DATA FOR REVIEW:
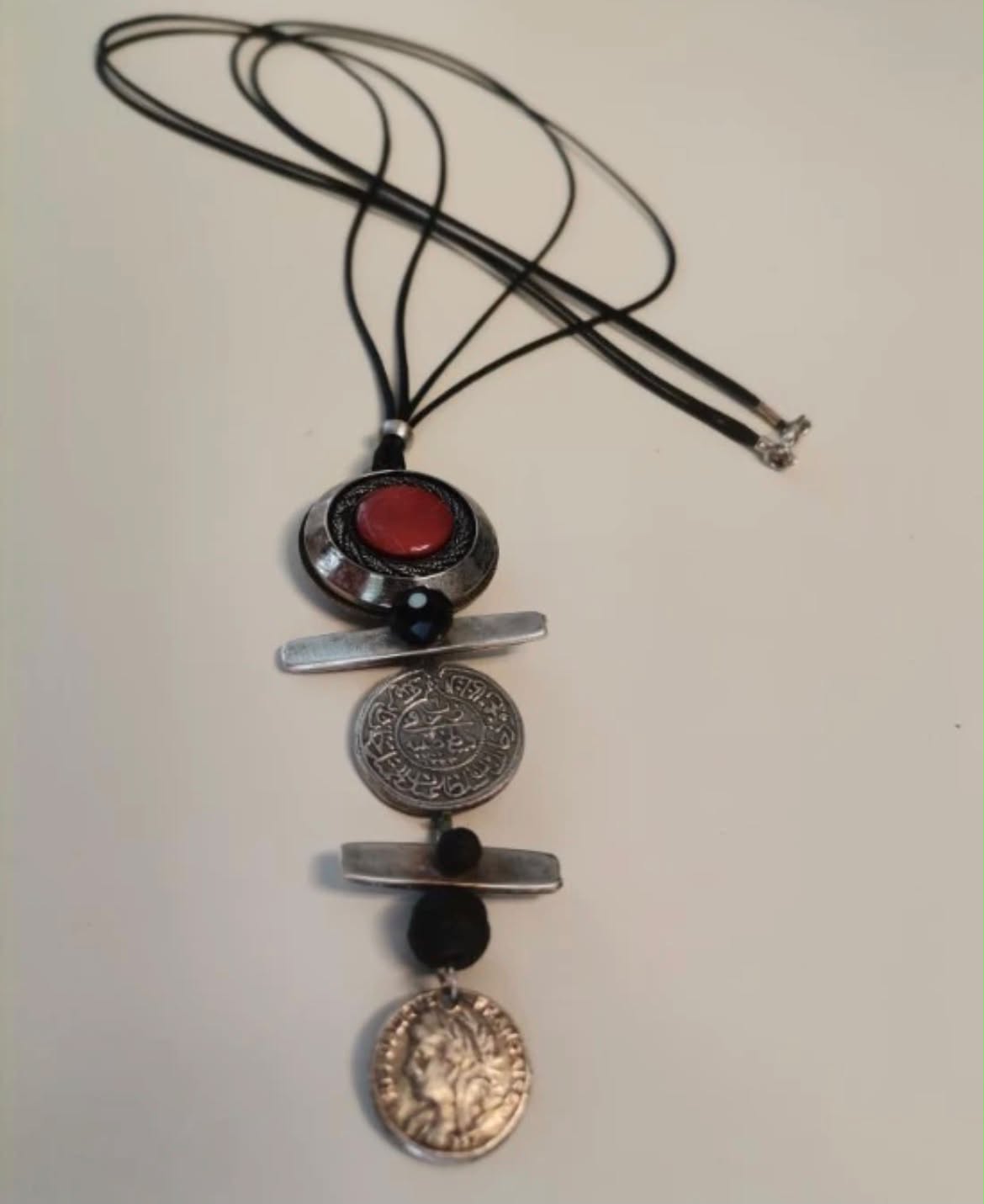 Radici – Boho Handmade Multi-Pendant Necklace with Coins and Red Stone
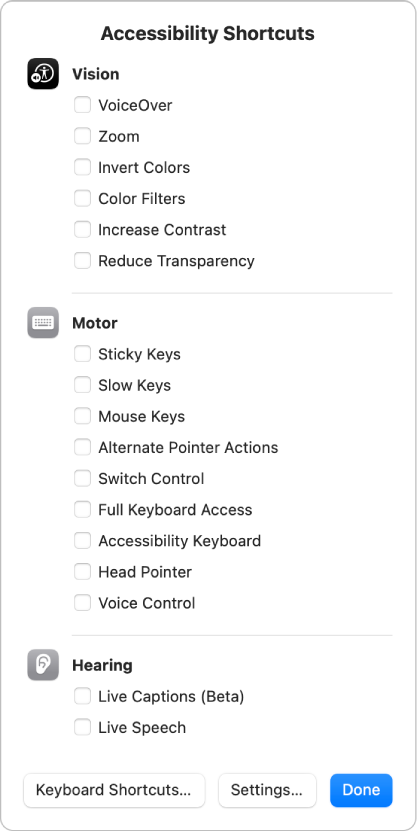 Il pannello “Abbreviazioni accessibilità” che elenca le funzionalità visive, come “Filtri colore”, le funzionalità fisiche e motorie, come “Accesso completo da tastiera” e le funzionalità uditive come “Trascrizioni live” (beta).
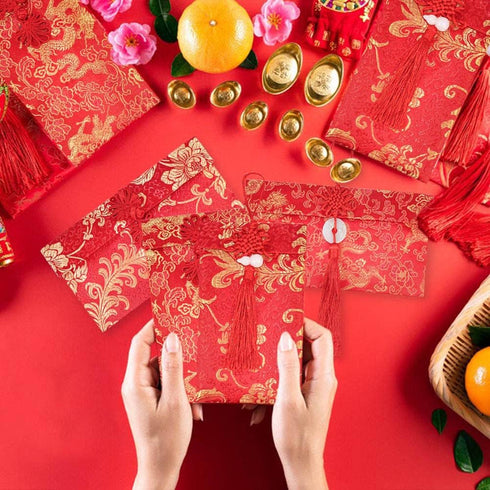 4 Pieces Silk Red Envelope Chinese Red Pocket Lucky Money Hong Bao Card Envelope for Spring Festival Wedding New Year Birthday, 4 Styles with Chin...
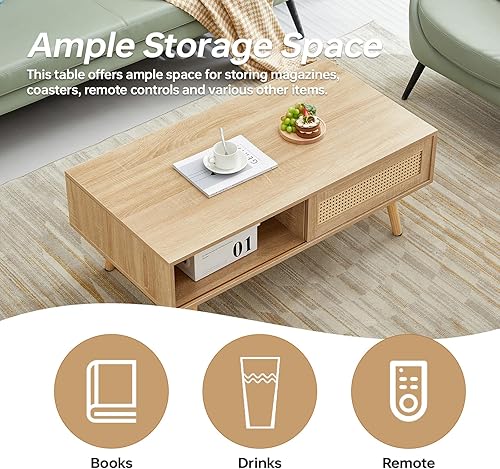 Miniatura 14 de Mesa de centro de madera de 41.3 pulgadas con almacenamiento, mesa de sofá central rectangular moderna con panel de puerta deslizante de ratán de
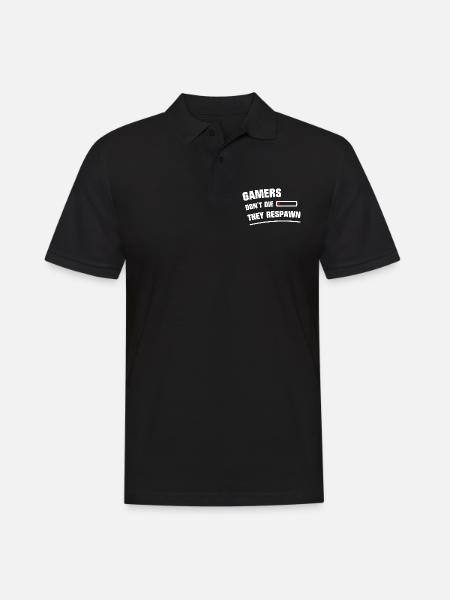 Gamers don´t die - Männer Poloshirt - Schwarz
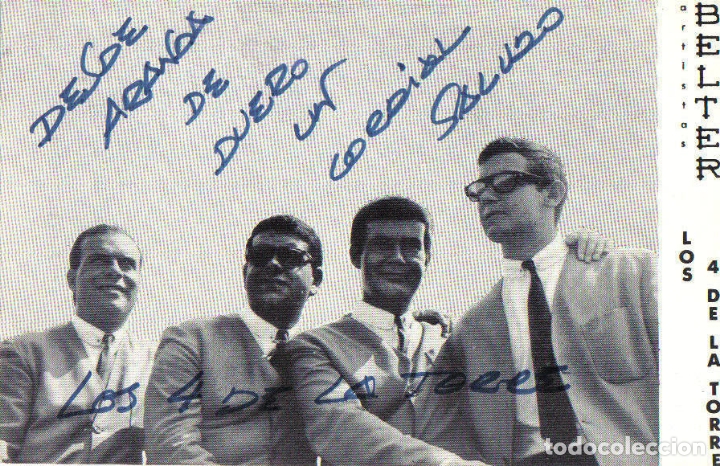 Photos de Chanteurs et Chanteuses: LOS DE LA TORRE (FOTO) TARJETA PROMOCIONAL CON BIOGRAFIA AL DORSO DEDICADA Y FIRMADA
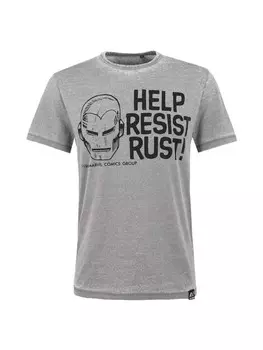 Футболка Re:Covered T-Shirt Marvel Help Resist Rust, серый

WORK REQUIRED:
I need the lines from the line containing "Photos de Chanteurs" through the final line of the listing duplicated exactly, both ends included, with no pictures and nothing else.

SOLUTION TO THIS TASK:
 Photos de Chanteurs et Chanteuses: LOS DE LA TORRE (FOTO) TARJETA PROMOCIONAL CON BIOGRAFIA AL DORSO DEDICADA Y FIRMADA
 Футболка Re:Covered T-Shirt Marvel Help Resist Rust, серый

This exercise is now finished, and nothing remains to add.